Ailleurs, cette politique arabe peut porter ses fruits. Paris ne peut nourrir que de faibles espoirs avec l'Arabie Saoudite, intéressée à la seule carte américaine, mais peut miser sur des pays plus indépendants de Washington : la Jordanie, l'Égypte et éventuellement la Syrie.

L'Afrique

Dans le cadre d'une politique traditionnelle de présence active, la politique africaine de la France n'a pas connu d'innovations majeures en 1996. Au Maghreb, les relations bilatérales sont bonnes avec le Maroc, quelque peu altérées avec la Tunisie. On ne cache pas à Paris une certaine déception au regard des méthodes et des lenteurs de l'administration tunisienne, ce qui explique sans doute le report à janvier 1997 de la visite en France du président Zine el-Abidine Ben Ali. En Algérie, la France demeure à la remorque d'événements incontrôlables, tels l'assassinat de sept moines trappistes puis celui de l'évêque d'Oran. Faute de garantie politique précise, l'aide de la France est revue à la baisse.

En Afrique noire francophone, où le cap difficile de la dévaluation du franc CFA semble avoir été franchi, Paris s'irrite quelque peu des récentes sollicitudes américaines, qualifiées d'électoralistes. En juillet, les visites officielles de J. Chirac au Gabon et au Congo donnent lieu à des démonstrations chaleureuses. La France reste fidèle à sa conception du pré carré africain, sans se montrer trop regardante quant à la qualité de ses partenaires. Fin janvier, la France entérine le coup d'État du Niger, qui a porté le colonel Barré Maïnassara au pouvoir, après avoir un temps suspendu sa coopération. En mai, les militaires français dénouent plus ou moins la crise qui oppose une fraction de l'armée centrafricaine au président Patassé.
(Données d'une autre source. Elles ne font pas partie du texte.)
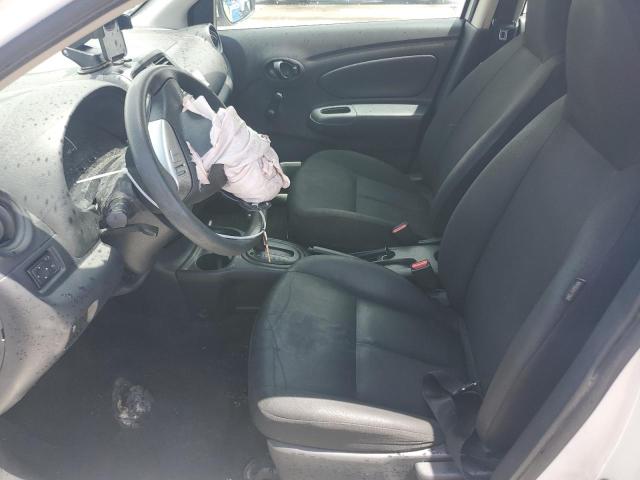 Sedans NISSAN VERSA 2016 Biały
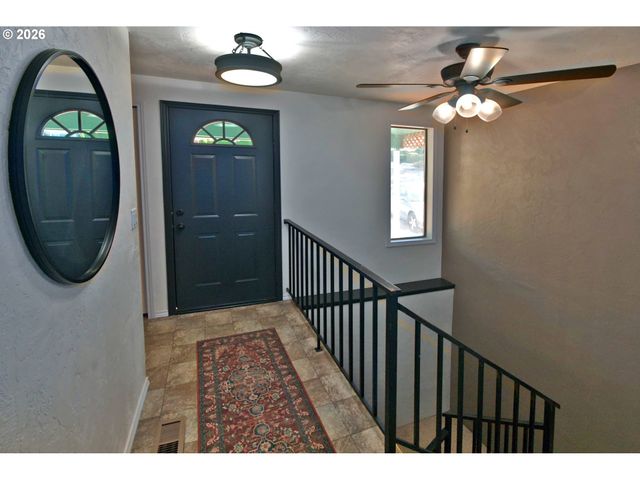 575 S 70TH St, Springfield, OR 97478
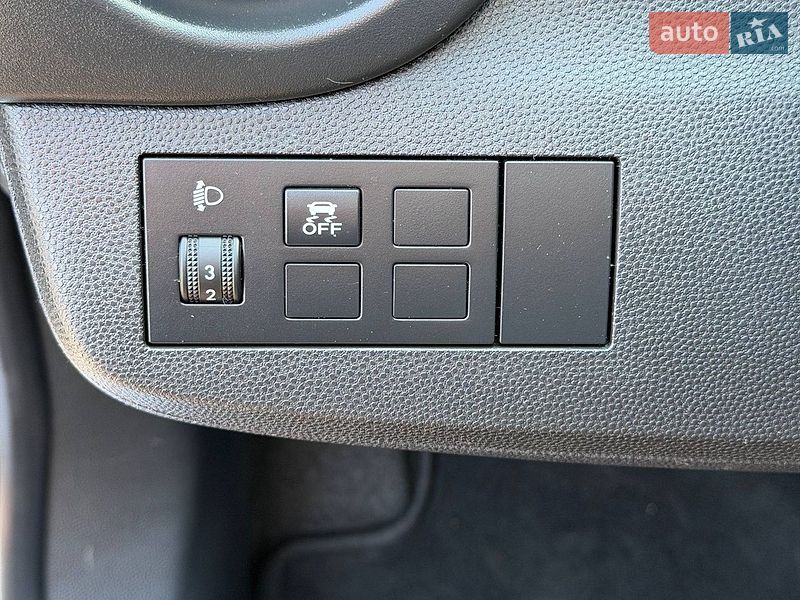 Хэтчбек Mazda 2 2012 в Стрые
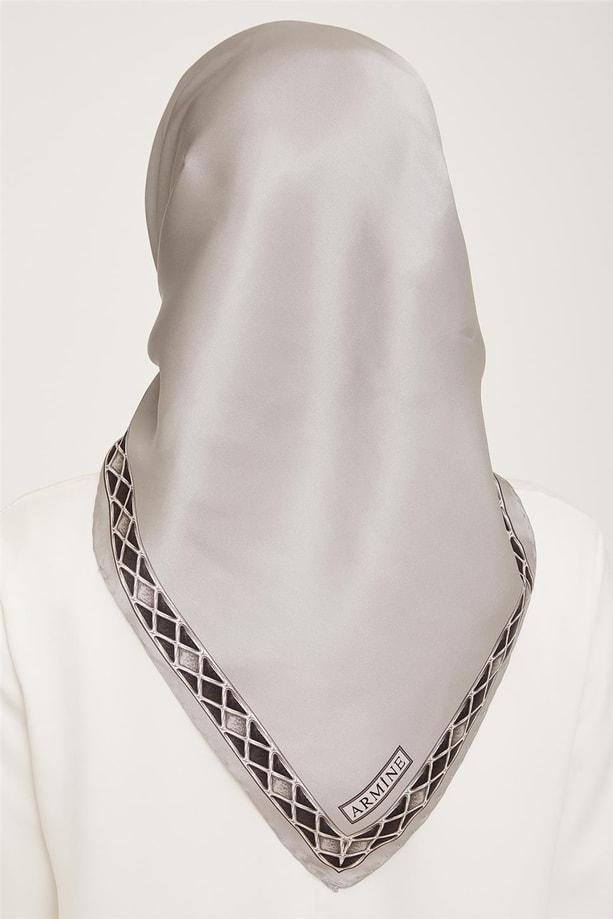 Armine Sura İpek Eşarp 23Ka9057 06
De même, la coopération avec le Zaïre, suspendue depuis cinq ans en raison des violations répétées des droits de l'homme, est rétablie. À l'automne, le rôle de la France dans la région est à nouveau mis en cause quand les troubles se multiplient à la frontière entre le Zaïre et le Rwanda, dans le Kivu. Tutsis du Zaïre et forces armées rwandaises mettent en déroute les forces de Kinshasa, ce qui provoque un gigantesque mouvement de reflux à partir des immenses camps de réfugiés hutus rwandais installés dans la zone. La France propose alors une action internationale humanitaire pour venir en aide à ces centaines de milliers de réfugiés. Elle est aussitôt récusée par les autorités de Kigali, qui n'ont pas pardonné à Paris son rôle joué en 1994, et l'opération, mise en doute dès l'origine par Washington, est repoussée de jour en jour. Le brusque retour d'une partie des réfugiés au Rwanda met un point final au projet. La France, associée aussi bien aux génocidaires hutus qu'au régime honni de M. Mobutu, perd de son influence dans la région au profit des États-Unis, qui ont su gagner la confiance des autorités rwandaises comme ougandaises.